Capacity utilisation is a well-regarded, accepted measure of economic slack at a point in the business cycle; its evolution over time offers a directional perspective. The information it provides is about the extent of idle or used production capacity in the economy; according to Wikipedia, “it is the relationship between actual output that ‘is’ actually produced with the installed equipment, and the potential output which ‘could’ be produced with it, if capacity was fully used.” It therefore measures the ‘output gap’, whether positive or negative; and depending on its coverage or representation, even the size. Intuitively, if growth were picking up with whatever momentum, capacity utilisation levels ought to be rising, i.e., the existing production slack should be getting used up; the opposite applies if utilisation levels are declining, suggesting deceleration in the economy.

Against this intuition, the story in the chart tells itself. If average quarterly capacity utilisation rate of approximately 1,300 manufacturing firms (government: 49, public: 903 and private: 345) responding to the OBICUS was 79% in the two years to FY12, this dropped to an average 74% in the next two years, i.e., FY13 and FY14. In the current year, the average capacity utilisation rate in the first three quarters is even lower at 71%. Apart from manufacturing, inventory levels rose steadily in the 12 months in the property segment too, indicating surplus capacity there as well.

Relative to this trend, GDP growth based on the new series rose from 5.1% to 6.9% in FY14. This has been explained by CSO as efficiency gains captured by the value-added concept, possibly from cost-cutting, retrenchment and lay-offs, and other like measures.

capGP

But the real puzzler is the FY15 growth forecast of a further uplift to 7.5%. How is the economy predicted to accelerate when existing production capacity is progressively getting less and less utilised? And for FY16, when growth is commonly projected to increase anywhere beyond 7.6%, how does this reconcile with the existing surplus capacity? When firms’ output from existing plant and equipment in the goods-producing segment is actually falling, or that there is excess capacity, surely, this is geared to demand for these goods, i.e., sales? Any firm can only produce as much as it is able to sell to consumers; it is more efficient for it to keep balance production capacity idle than pile up inventories. And given the link between capacity utilisation and a firm’s expansion plans, what does this tell us about resumption of the investment cycle?

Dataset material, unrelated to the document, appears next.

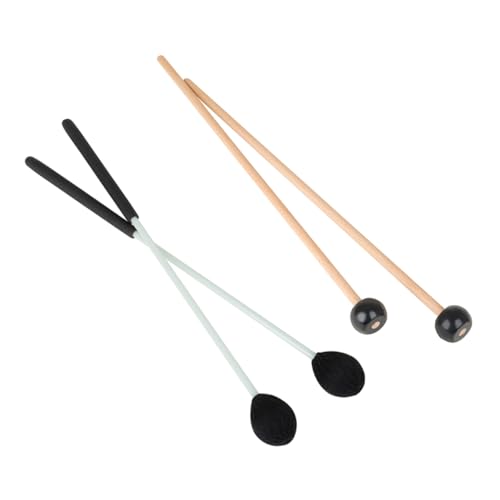ifundom 4pcs Marimba Sticks Mallets Xylophone Hammers Boys and Girls Musical Instruments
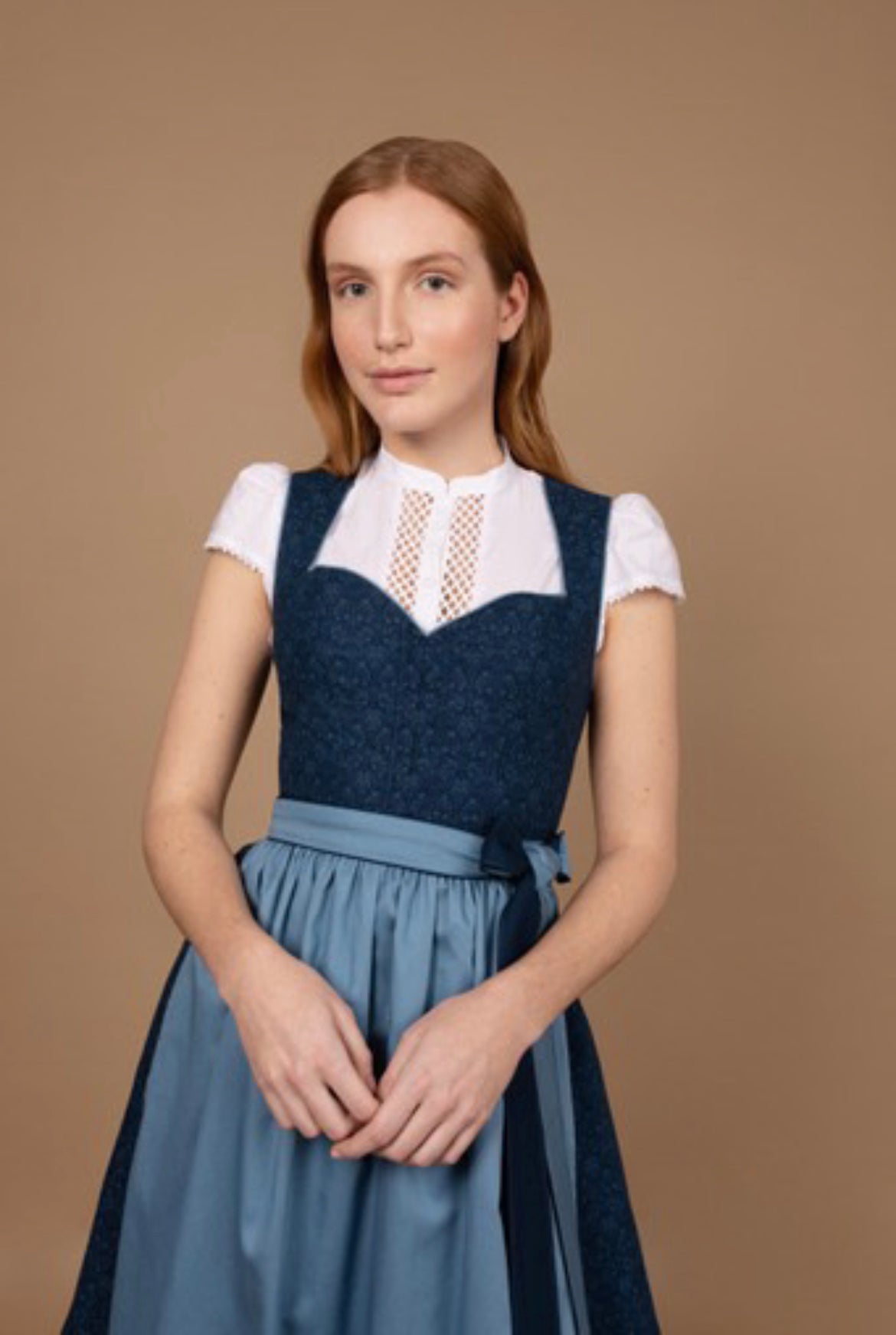 Waschdirndl Luisa col. Königsblau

Since the new GDP series is expected to be revised based on fresh data available with the CSO, we should soon know whether capacity utilisation is itself a leading indicator of GDP growth or not. And these indications are of but a small, visible segment (listed companies) against the much-wider, new coverage now of 5lakh-plus companies from the MCA database, which includes a large ‘invisible’ segment not captured by the high-frequency data. It is possible that aggregate capacity utilisation levels are possibly much higher, directionally upwards; or even that there might be divergent paths of the ‘visible’ and ‘invisible’ segments. After all, in the old days, when there was no MCA data, there often would be lagged, sharp GDP revisions when the Annual Survey of Industries survey data became available. A wider universe might therefore be showing acceleration against the trends observed from OBICUS.

The critical point here however is this: In a world of ‘no MCA database’, and just the OBICUS, RBI would have concluded the economy was decelerating and managed policy settings accordingly. From the trends reflected this chart, there is no way RBI could have claimed a recovery as it is now. So the new, wide but ‘invisible’ world captured by the new GDP estimates renders the central bank’s critical information input—the OBICUS—at variance with the predicted growth path and hugely increases the scope for monetary policy error. Considering that this information gap will persist, RBI ought perhaps to move very fast to either expand the scope of the current OBICUS, or launch a similar capacity utilisation survey of the ‘invisible’ segment to avoid monetary policy errors. There is little the CSO can do in this regard.